Exercise:
Starting with the line that has "[ Kaido House" and finishing with the line that has "Best Applique murale", set down each line below exactly. Pictures are not copied.

Data to process:
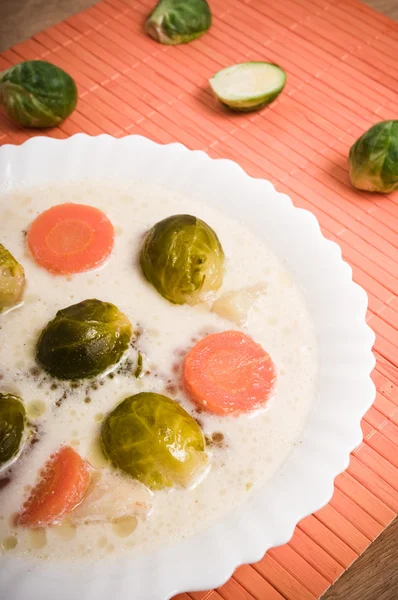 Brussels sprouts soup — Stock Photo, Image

--

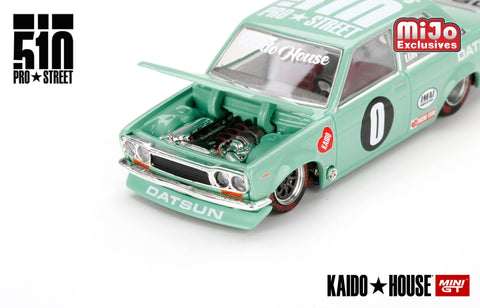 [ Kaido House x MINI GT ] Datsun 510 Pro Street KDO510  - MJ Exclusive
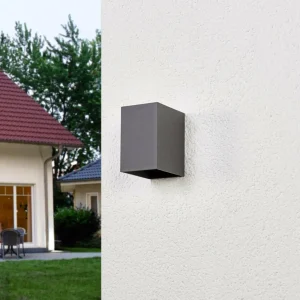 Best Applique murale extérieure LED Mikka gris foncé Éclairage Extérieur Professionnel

Solution to this problem:
 [ Kaido House x MINI GT ] Datsun 510 Pro Street KDO510  - MJ Exclusive
 Best Applique murale extérieure LED Mikka gris foncé Éclairage Extérieur Professionnel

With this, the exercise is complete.